[Opening Data provided section]

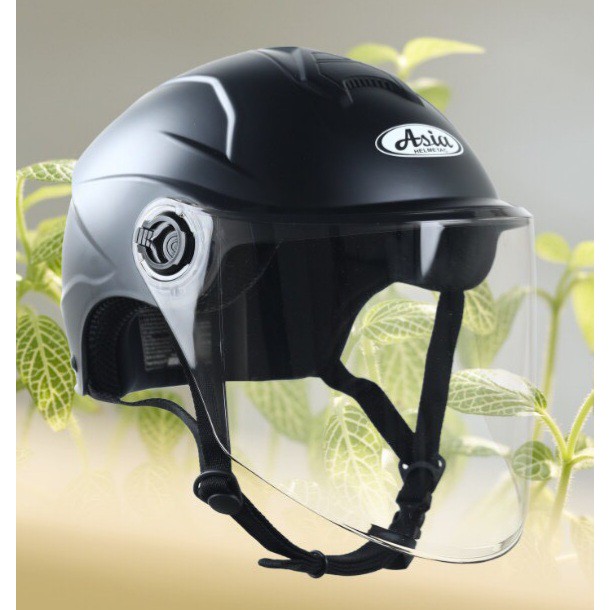 NÓN BẢO HIỂM ASIA MT179 KÍNH TRONG DÀI CAO CẤP HÀNG CÔNG TY CHÍNH HÃNG (MÂU MỚI)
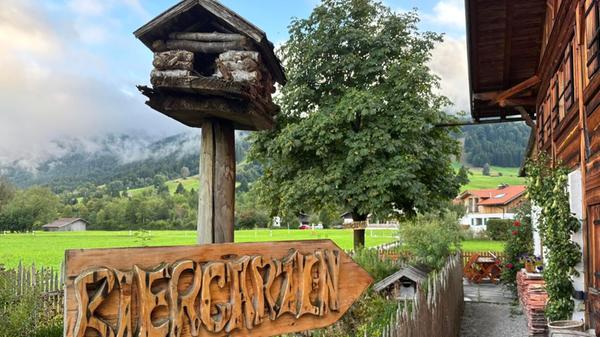 Einkehr in die "Schankwirtschaft".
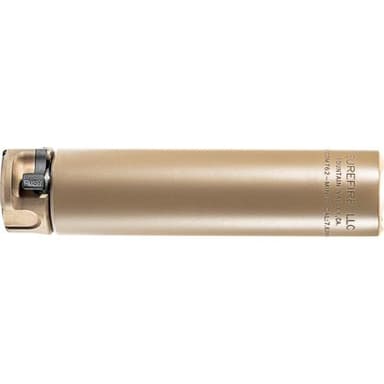 SureFire SOCOM762-MINI2 FDE Suppressor 7.62mm 6" 5/8x24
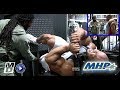 Build Massive Legs With Victor Martinez and Charles Glass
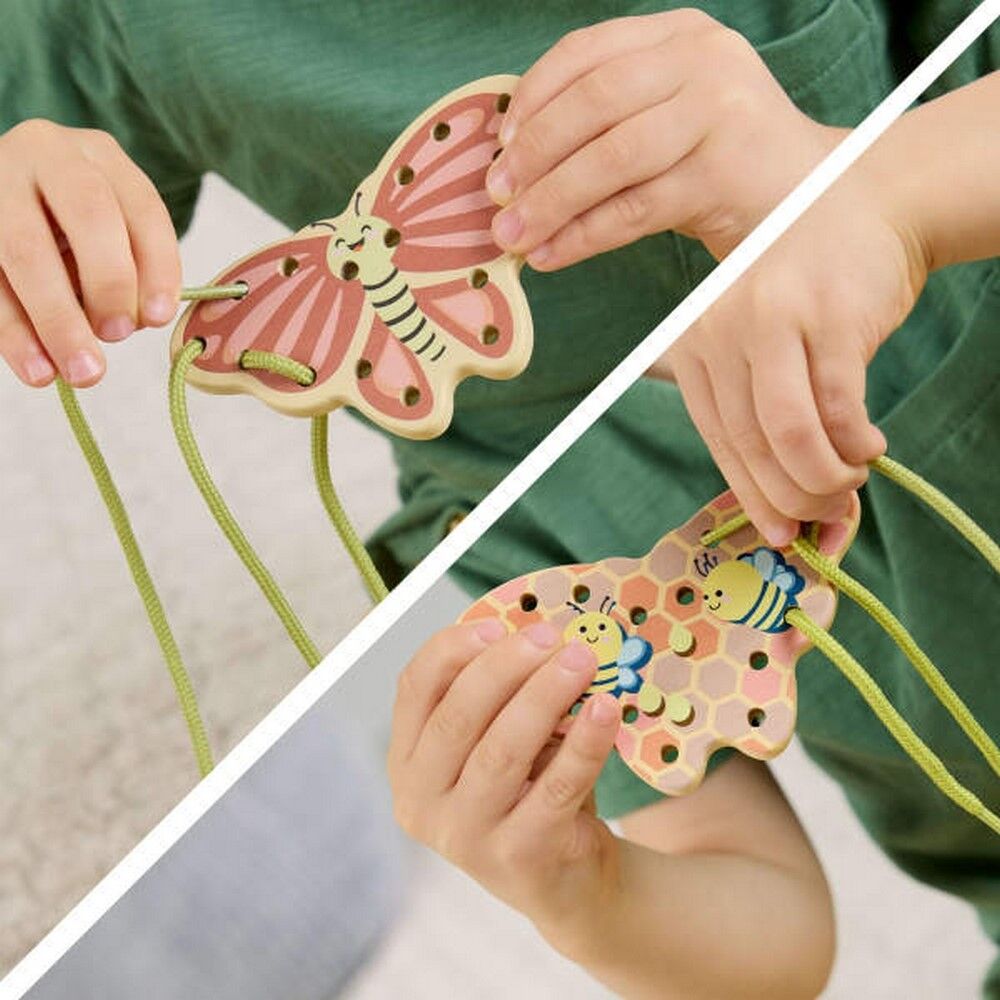 Fisher-Price Wooken Lacing Garden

[Closing Data provided section]

◆ **Your task**
Copy out the records exactly. Do not include the pictures.

◆ **Written reply**
 NÓN BẢO HIỂM ASIA MT179 KÍNH TRONG DÀI CAO CẤP HÀNG CÔNG TY CHÍNH HÃNG (MÂU MỚI)
 Einkehr in die "Schankwirtschaft".
 SureFire SOCOM762-MINI2 FDE Suppressor 7.62mm 6" 5/8x24
 Build Massive Legs With Victor Martinez and Charles Glass
 Fisher-Price Wooken Lacing Garden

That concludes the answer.